-------- INFORMATION PROVIDED --------

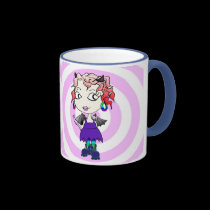 Batgirlz Little Sis mugs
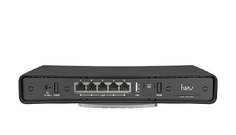 Маршрутизатор Mikrotik RBD53GR-5HacD2HnD&R11e-LTE6 hAPac3 LTE6 kit with 716MHz four core CPU, 256MB RAM, 5 x Gigabit LAN, two wireless interfaces (bui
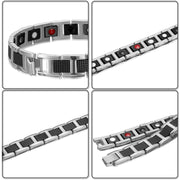 Grannus Stainless Steel Casual Magnetic Bracelet-Sevenedge Perfect Gifts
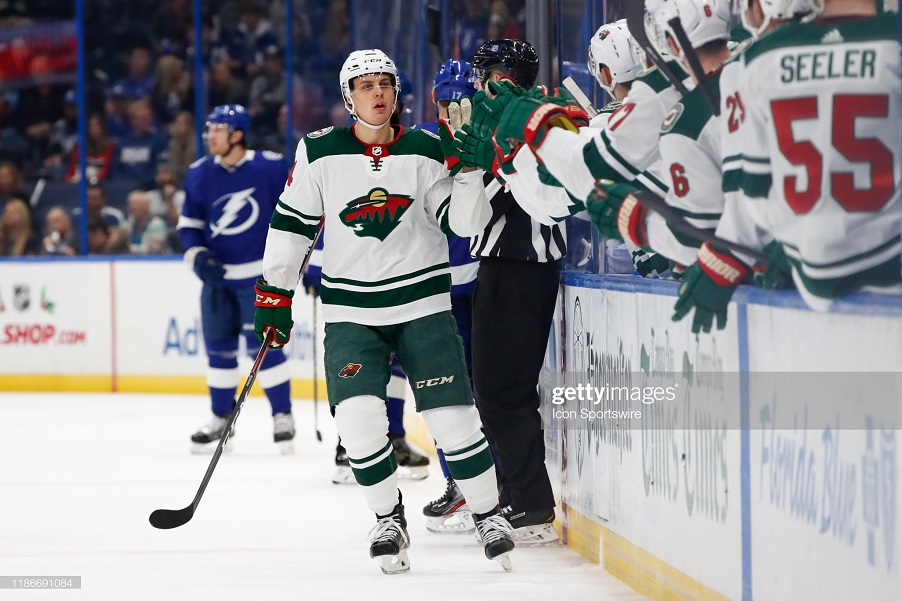 Миннесота включила Эрикссона Эка в список травмированных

--------

* **WORK ORDER**: Every line of the listing should be copied precisely, with images omitted.

* **RESPONSE AREA**:
 Batgirlz Little Sis mugs
 Маршрутизатор Mikrotik RBD53GR-5HacD2HnD&R11e-LTE6 hAPac3 LTE6 kit with 716MHz four core CPU, 256MB RAM, 5 x Gigabit LAN, two wireless interfaces (bui
 Grannus Stainless Steel Casual Magnetic Bracelet-Sevenedge Perfect Gifts
 Миннесота включила Эрикссона Эка в список травмированных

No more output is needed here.